# Improving applyExp()

Hi All,
could someone please tell me what kind of algorithm is used for the actual computation of the exponential? If I want to implement a new function for the actual calculation of the exponential where should I start from? I am asking this because I am facing some convergence issues for which I have to increase the number of iterations in the Krylov procedure to a very large number. Also what does the function expMatrix() returns just a vector or the full matrix exponential?
Maybe I could start from the expokit.f fortran code which have used in the past.

Any suggestion is very appreciated.

Thanks,
Raffaele

Hi Raffaele,

Thanks for reporting an issue. Could you elaborate more on your application? What matrix are you trying to exponentiate and what are you ultimately trying to calculate?

Right now, applyExp uses a pretty standard Krylov-based method for calculating the exponential of an operator applied to a vector (i.e. it builds the Krylov basis and then the Krylov matrix is exponentiated, you can see the implementation here: https://github.com/ITensor/ITensor/blob/7abb7b2760d0608713f846f6bc85f6b6b8c7e509/itensor/iterativesolvers.h#L970).

The current implementation does not have restarts, so it may be limited in the timestep you can input (i.e. if you are calculating exp(-t*H)*v, for large t it may have convergence issues). We would be happy to add in restarts if there is a compelling use case, but we were waiting for a concrete example where that is necessary. For example, in the main use case for us (TDVP), the time step can be taken smaller by doing more sweeps of the MPS, and we have found that the current implementation is sufficient.

Also right now, consider that you can split up your timestep and do multiple calls of applyExp, for example you can try:

auto expHv = applyExp(H,v,-t/2);
expHv = applyExp(H,expHv,-t/2);


auto expHv = applyExp(H,v,-t);


if your timestep t is too large for convergence.

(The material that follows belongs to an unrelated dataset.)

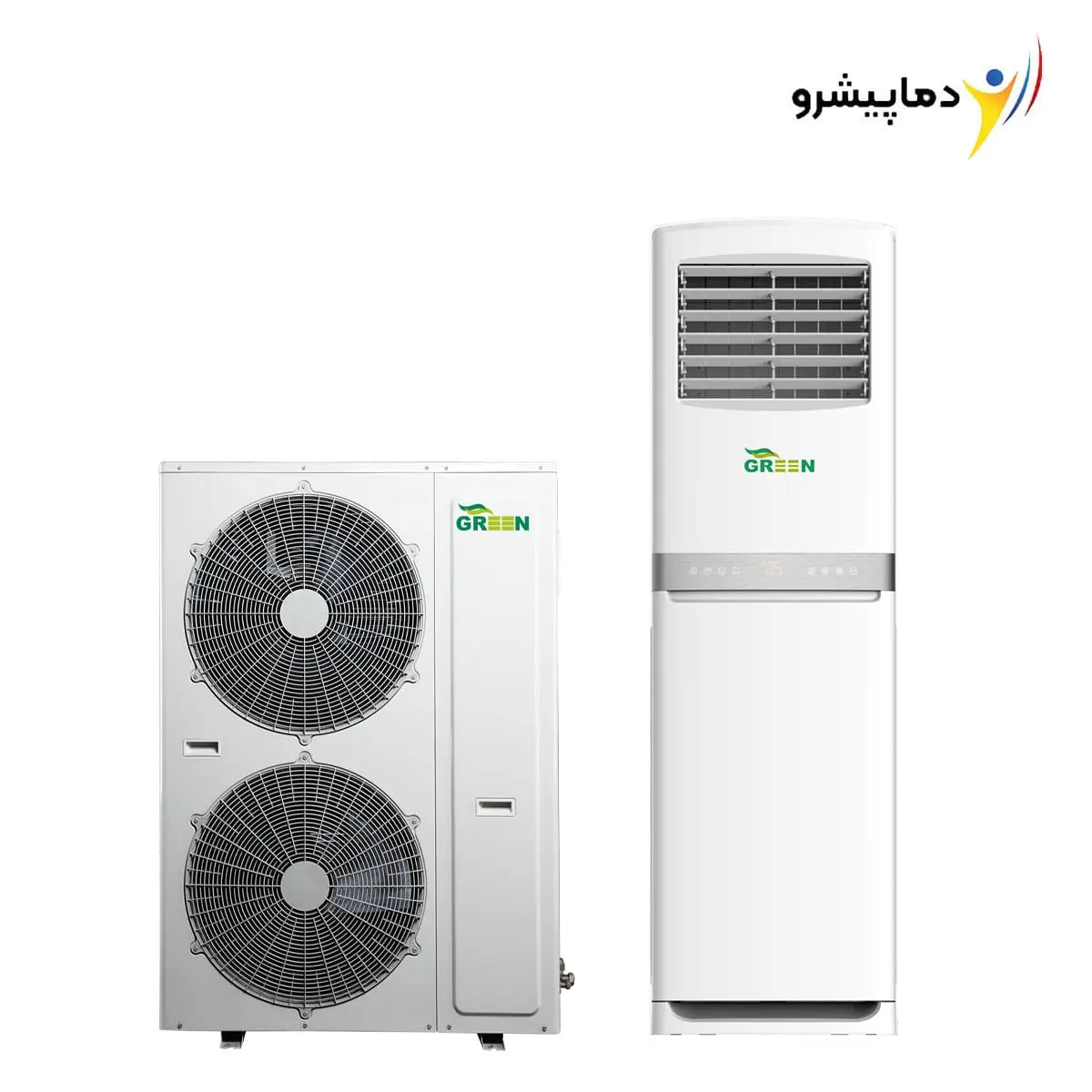 Standing-air-conditioner-48000-green کولر گازی ایستاده 48000 گرین مدل GFS-H48P3T3/R1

For a fixed ErrGoal you of course accumulate the error of both calls of applyExp.

Cheers,
Matt

commented by (310 points)
It would be great to have restart capabilities in the Lanczos procedure, meanwhile I will run the calculations with a shorter timestep.
commented by (260 points)
Hi Lello,

Have you solved the problem? or modified the applyExp() function with your zgexpv() function? Because I have met a similar question recently that my MPO is non-Hermite, So I need a generalized function to do this.

Best,
Meng
commented by (310 points)
Hi,
I solved the problem by reducing the time step but I didn't modify the applyExp() function.
It shouldn't be too difficult though.
(BTW, I also work on the use of TT to solve HEOM.)
commented by (260 points)
Hi Lello,

That's cool to hear that you apply TT solve HEOM. I have some experience in developing HEOM approach that may provide some help if you need it. Actually, I am currently trying to apply ITensor to rewrite HEOM.

Best,
Meng
commented by (260 points)
I just realize that you are  Raffaele Borrelli! I always focus on your works related to HEOM/tensor network since 2019 and very enjoy your recently tAMEn applications!